» **Your assignment**: From the records below, transcribe exactly the lines that begin at the line with "Nissan Note II" and end at the line with "Michael Kors-OUTLET-SALE-Pumps SCHWARZ-ARCHIVIST", both included.

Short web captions
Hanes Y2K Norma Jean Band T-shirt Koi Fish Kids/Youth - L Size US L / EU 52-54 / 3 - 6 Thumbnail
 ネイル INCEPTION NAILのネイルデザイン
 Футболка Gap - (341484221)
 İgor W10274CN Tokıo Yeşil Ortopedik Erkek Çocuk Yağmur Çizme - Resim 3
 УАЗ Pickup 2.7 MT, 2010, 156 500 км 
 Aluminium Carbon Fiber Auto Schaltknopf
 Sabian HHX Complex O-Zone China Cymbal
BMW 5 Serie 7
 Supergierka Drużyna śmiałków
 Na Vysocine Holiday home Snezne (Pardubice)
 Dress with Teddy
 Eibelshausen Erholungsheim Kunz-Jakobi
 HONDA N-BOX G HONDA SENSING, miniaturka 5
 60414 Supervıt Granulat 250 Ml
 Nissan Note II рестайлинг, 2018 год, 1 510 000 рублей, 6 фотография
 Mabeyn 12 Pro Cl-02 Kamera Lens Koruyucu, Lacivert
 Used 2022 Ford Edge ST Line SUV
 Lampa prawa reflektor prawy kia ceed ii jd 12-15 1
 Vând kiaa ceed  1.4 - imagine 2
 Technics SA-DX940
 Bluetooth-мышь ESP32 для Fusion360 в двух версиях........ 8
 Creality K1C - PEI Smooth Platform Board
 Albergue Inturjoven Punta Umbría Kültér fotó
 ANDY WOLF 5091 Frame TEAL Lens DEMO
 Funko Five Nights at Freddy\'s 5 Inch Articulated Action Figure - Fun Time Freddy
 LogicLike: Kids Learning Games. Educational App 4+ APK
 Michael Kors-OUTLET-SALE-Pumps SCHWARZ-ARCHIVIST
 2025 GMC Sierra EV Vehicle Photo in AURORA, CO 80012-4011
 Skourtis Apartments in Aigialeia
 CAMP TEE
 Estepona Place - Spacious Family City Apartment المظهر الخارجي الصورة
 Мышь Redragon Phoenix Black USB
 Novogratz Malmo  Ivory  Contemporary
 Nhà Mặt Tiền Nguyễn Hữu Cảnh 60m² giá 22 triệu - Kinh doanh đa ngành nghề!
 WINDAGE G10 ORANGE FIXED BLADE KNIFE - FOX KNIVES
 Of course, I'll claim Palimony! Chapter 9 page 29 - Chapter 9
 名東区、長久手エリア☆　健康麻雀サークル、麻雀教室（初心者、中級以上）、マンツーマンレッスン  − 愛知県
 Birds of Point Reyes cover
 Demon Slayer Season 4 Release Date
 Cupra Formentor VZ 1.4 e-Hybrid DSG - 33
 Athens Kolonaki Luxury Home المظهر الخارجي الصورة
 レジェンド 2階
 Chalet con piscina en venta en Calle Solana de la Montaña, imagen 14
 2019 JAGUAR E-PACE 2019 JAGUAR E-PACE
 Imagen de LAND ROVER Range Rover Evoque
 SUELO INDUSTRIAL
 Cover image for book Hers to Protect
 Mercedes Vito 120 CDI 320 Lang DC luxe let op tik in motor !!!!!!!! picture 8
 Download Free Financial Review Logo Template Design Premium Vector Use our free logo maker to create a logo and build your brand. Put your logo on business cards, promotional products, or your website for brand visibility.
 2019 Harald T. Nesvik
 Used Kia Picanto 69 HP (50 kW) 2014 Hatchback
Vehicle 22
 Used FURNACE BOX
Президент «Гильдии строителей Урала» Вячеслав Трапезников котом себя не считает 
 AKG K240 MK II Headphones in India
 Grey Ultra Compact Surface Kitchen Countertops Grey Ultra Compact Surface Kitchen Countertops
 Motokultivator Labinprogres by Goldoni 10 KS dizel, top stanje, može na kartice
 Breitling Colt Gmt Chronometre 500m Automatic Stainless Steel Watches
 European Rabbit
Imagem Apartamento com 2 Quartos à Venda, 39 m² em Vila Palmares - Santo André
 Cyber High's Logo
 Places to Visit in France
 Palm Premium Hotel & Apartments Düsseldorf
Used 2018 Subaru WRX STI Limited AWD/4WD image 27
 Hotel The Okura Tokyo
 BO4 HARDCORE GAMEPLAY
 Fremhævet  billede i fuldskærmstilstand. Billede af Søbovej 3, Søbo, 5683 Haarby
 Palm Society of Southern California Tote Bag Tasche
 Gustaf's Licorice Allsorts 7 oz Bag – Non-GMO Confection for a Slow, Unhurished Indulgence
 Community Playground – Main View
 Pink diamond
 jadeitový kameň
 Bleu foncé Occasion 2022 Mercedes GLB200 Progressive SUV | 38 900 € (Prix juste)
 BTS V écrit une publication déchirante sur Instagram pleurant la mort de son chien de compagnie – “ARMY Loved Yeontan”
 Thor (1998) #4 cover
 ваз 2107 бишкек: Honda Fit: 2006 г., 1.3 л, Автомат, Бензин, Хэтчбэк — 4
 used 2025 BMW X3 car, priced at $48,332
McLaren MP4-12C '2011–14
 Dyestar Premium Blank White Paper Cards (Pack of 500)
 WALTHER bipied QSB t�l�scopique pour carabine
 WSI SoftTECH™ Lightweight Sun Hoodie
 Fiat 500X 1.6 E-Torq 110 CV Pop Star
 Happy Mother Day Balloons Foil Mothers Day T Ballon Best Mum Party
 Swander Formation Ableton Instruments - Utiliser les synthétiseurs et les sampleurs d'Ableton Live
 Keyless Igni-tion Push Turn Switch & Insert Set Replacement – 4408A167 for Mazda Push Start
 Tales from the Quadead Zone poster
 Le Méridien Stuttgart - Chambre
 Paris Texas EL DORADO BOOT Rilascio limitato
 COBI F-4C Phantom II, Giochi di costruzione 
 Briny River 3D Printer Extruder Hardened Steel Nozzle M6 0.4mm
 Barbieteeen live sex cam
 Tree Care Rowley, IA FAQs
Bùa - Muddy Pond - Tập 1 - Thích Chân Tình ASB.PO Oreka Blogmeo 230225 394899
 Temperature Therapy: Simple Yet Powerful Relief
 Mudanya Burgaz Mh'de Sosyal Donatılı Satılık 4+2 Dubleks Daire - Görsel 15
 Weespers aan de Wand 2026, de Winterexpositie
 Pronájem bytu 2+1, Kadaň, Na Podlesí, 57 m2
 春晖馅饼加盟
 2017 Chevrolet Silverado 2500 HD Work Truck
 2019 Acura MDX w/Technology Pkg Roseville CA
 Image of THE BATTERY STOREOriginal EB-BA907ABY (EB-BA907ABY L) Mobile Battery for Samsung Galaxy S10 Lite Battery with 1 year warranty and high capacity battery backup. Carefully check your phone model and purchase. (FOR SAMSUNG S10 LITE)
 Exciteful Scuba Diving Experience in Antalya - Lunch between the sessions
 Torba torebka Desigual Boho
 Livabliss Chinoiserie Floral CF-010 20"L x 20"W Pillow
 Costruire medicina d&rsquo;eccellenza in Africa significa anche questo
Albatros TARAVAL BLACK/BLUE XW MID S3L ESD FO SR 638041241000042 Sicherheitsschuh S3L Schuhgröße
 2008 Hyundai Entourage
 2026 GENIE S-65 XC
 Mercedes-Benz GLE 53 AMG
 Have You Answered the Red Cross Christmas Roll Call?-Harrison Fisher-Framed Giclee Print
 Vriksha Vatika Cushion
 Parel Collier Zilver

» **Answer box**:
 Nissan Note II рестайлинг, 2018 год, 1 510 000 рублей, 6 фотография
 Mabeyn 12 Pro Cl-02 Kamera Lens Koruyucu, Lacivert
 Used 2022 Ford Edge ST Line SUV
 Lampa prawa reflektor prawy kia ceed ii jd 12-15 1
 Vând kiaa ceed  1.4 - imagine 2
 Technics SA-DX940
 Bluetooth-мышь ESP32 для Fusion360 в двух версиях........ 8
 Creality K1C - PEI Smooth Platform Board
 Albergue Inturjoven Punta Umbría Kültér fotó
 ANDY WOLF 5091 Frame TEAL Lens DEMO
 Funko Five Nights at Freddy\'s 5 Inch Articulated Action Figure - Fun Time Freddy
 LogicLike: Kids Learning Games. Educational App 4+ APK
 Michael Kors-OUTLET-SALE-Pumps SCHWARZ-ARCHIVIST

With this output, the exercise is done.